The sentence actually begins in verse 4 and continues at least through verse 9 and actually into verse 10.

For if God did not spare angels when they sinned, but cast them into hell and committed them to pits of darkness reserved for judgment, and did not spare the ancient world but preserved Noah, a preacher of righteousness with seven others, when he brought a flood upon the world of the ungodly, and if he condemned the cities of Sodom and Gomorrah to destruction by reducing them to ashes, having made them an example to those who would live ungodly thereafter,

and if he rescued righteous lot, oppressed by the sensual conduct of unprincipled men, for by what he saw and heard, that righteous man, while living among them, felt his righteous soul tormented day after day with their lawless deeds. Then the Lord knows. Up to this point we've seen the first part of this conditional sentence.

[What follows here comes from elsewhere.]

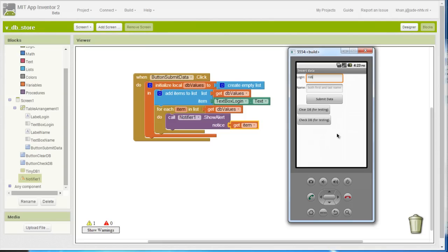In the next video I am actually going to show you how to insert that list into the database.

He begins by saying, if God, and then he gets started on his role, but now he comes in verse 9, he says, if God, then he says, then the Lord knows how to rescue the godly from temptation and to keep the unrighteous under punishment for the day of judgment. Peter seems to be like a sentry that is watching his enemy. His attention is fastened upon these who are false teachers teaching an opposite message from the one he proclaimed.

He says regarding them that they deceive the people of God, as we saw last week. They deny the Son of God. They defame the truth of God. Peter wants us to know that the end of such people, God has already written. God has already determined. He launches into a warning that these false teachers are doomed, but there is a second message that underlies it, and that is that just as God knows how to preserve them for judgment, God knows how to rescue his own from the time of temptation.

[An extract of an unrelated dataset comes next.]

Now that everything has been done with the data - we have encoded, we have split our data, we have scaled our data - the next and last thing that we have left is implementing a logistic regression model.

These false teachers, he says, cannot ultimately prevail over the plan of God, and one day they face a certain judgment from God for their unbelief and their damage to the souls of others. That is the reason that James says, as he does in James 3.1, my brethren, let not many of you be teachers.

What he means by that is the one who is a teacher, who is an instructor of others in spiritual things, who is a guide to others, is one who will have a more strict judgment because of his accountability for the souls of his hearers. Hell will be a more comfortable place for a man like Adolf Hitler than it will be for a liberal preacher. You mark my words on it. The person who in the name of God and religion leads others in the false direction will in the end have the greatest judgment of all.

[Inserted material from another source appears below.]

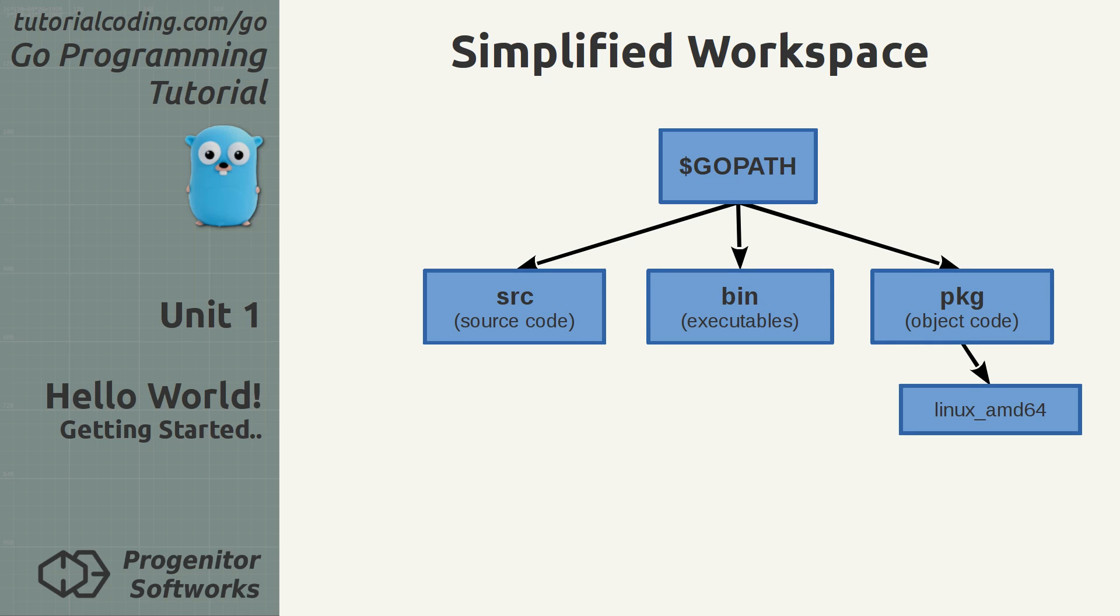A workspace is located at the base path that is set with the GoPath environment variable. This contains three subdirectories. The source directory contains all the source code for libraries and executables. The bin directory contains all the compiled and installed executables. It's useful to add this to the path environment variable to make them available everywhere. The PKG directory contains object files for library packages. It contains subdirectories for the OS and CPU architecture.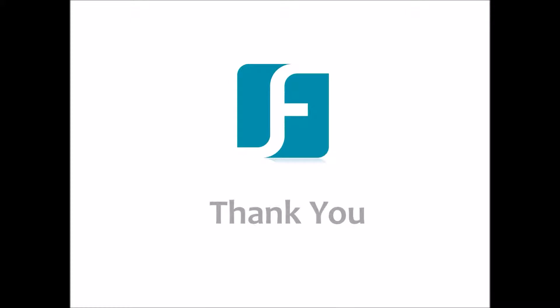Thank you for watching. Remember to check out our other how-to videos through the Everfocus website or YouTube channel.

That is exactly what Peter is warning. God will judge false teachers because of their sin against him and against his word, and he will preserve his own in the meantime. Notice with me the certainty of God's judgment. At the end of verse 3, he says, their judgment from long ago is not idle and their destruction is not asleep. The certainty of God's judgment. He mentions it again in this chapter.

For example, at the end of verse 12, he says, they will in the destruction of those creatures also be destroyed, suffering wrong as the wages of doing wrong. Then in verse 17, he says regarding these false teachers, for whom the black darkness has been reserved. And he says in verse 20 at the end of the verse, the last state has become worse for them than the first. Some people have the idea that God's long suffering indicates that somehow he is overlooking, but that is not the case.

God is not forgetful. Judgment will come, except God picks the time when it will come. And in chapter 2, again in verse 1, he says that it will come swiftly, bringing swift destruction upon themselves. By the way, that word swift does not mean that it will necessarily come soon. It means that when it comes, it will come suddenly, like a bolt of lightning out of the sky. It's the same idea as when Jesus says in Revelation, behold, I come quickly. The word does not mean that he was coming soon.

It meant that when he was coming, he was coming like that. The suddenness, the unexpectedness of his coming is in view. And that is the case here. He says the judgment of these false teachers is sure. It is swift. It will come upon them at the moment that they do not expect it, and it will take them away to their eternal doom. And then he launches into several historic cases of the judgment of God. These cases illustrate in Peter's mind and for us the fact that God does bring judgment.

The first one has to do with the angels that sinned. If God did not spare the angels when they sinned, but cast them down into hell, literally it says there, but thrust them down to tartar us. An unusual word, a strange word. The question is, who are these angels that sinned that God thrust them down to what are described as pits of darkness or to a place called tartar us that's not mentioned anywhere else in the New Testament? Who are these angels? What did they do?

Well, there are some who say that these angels are the angels that fell with Satan when he rebelled against God. Well, that certainly would be true in a broader sense, but often people who use that explanation mean that all of those angels who fell with Satan have been cast down, thrust down powerfully to this pit of darkness where they're reserved for judgment. However, it seems to me that that is not the case.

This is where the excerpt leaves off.